## An unbounded curve with a positive lower bound for curvature

Yesterday Zorn Leung conjectured that if a plane curve has curvature ${k\geq c>0}$, then it is contained in a circle (of some radius). I will give an example to show that this is actually false. ${\underset{\bigtriangledown}{\underline{ \ }{ \ \ }\underline{ \ }}}$

The example is the following curve:

$\displaystyle \alpha(t)= (t+2\cos t, 2\sin t).$

This curve is called the prolate cycloid (I’ve just learned this name today). Geometrically it is the path traced out by a fixed point at a radius ${b>a}$ (here ${b=2, a=1}$) , where ${a}$ is the radius of a rolling circle (the animation is not of the same scale as my example because I am too lazy to make the animation myself, I just download it from the net):

It is easy to calculate that

$\displaystyle k=\frac{\det(\alpha', \alpha'')}{|\alpha'|^3}= \frac{4-2\sin t}{ ( 5-4 \sin t)^{3/2}},$

noting that ${|\alpha'|^2=5-4\sin t\geq 1.}$

It is not necessary to calculate exactly the minimum value of ${k(t)}$, just observe that ${k(t)}$ is periodic and that ${k>0}$ for all ${t}$, this implies ${k\geq c>0}$ for some constant ${c}$.

But it is easy to see that ${\alpha}$ is unbounded, and in particular it cannot be contained in any circle, no matter how large we choose the radius.

Remark 1 The conjecture should be true if the curve is simple closed and the radius of the circle can be chosen to be ${1/\min_\alpha{k}}$. I haven’t written down the full details of the proof, though. I think it would be a nice exercise for the geometry students ☺

This entry was posted in Geometry. Bookmark the permalink.

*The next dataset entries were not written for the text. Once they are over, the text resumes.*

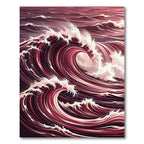 Crimson Ocean Swirl Wave Rug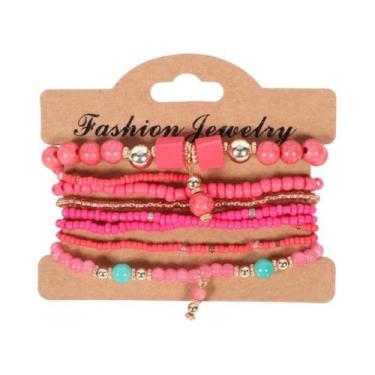 Imagem de Conjunto De Pulseiras Boho Femininas Com Contas De Madeira, Pingente Á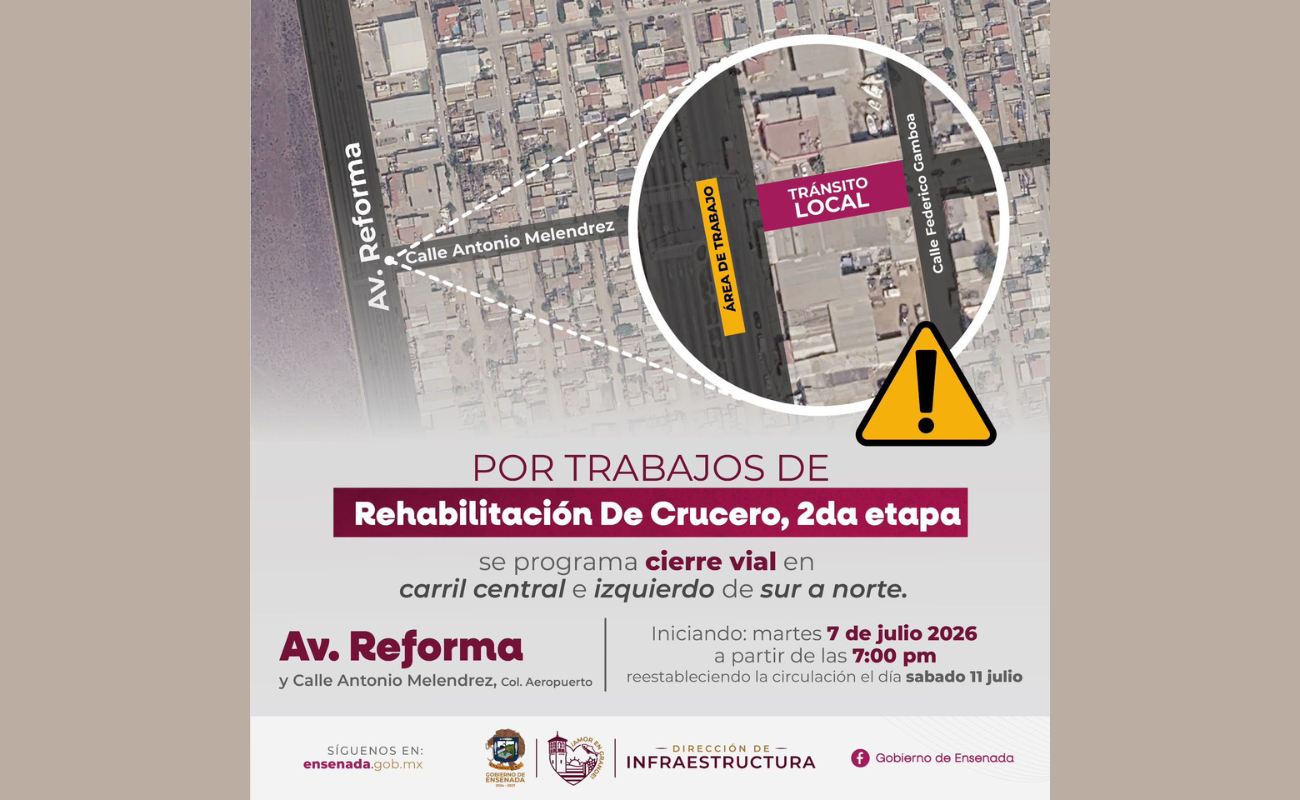 Del 30 de junio al 11 de julio, se rehabilitarán 140 metros cuadrados de concreto dañado en el crucero de Reforma y Antonio Meléndrez.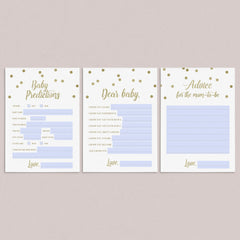 Virtual and Printable Baby Shower Keepsakes Gold Confetti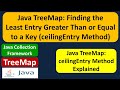 Java TreeMap: Finding the Least Entry Greater Than or Equal to a Key (ceilingEntry Method)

### 3 Responses to An unbounded curve with a positive lower bound for curvature

1. Anonymous says:

If the curve is closed, then it is compact. Therefore, we do not need the curvature condition. Perhaps, the interesting case is that the curve is simple (no self-intersection) and has a positive lower bound of curvature. It should be a consequence of Fundamental Theorem of DG.

2. KKK says:

Of course a closed curve must be contained in a large circle, since it’s compact as you described (and in the remark I’ve actually forgotten to state that it is simple), the emphasis is that the radius can be $1/\min _\alpha k$. It would be nice if someone (perhaps… you?) can post a proof of it here.
And by the way, forgive my ignorance, what is the fundamental theorem of differential geometry?

3. Hon Leung says:

The curvature function determines a plane curve up to rigid motion.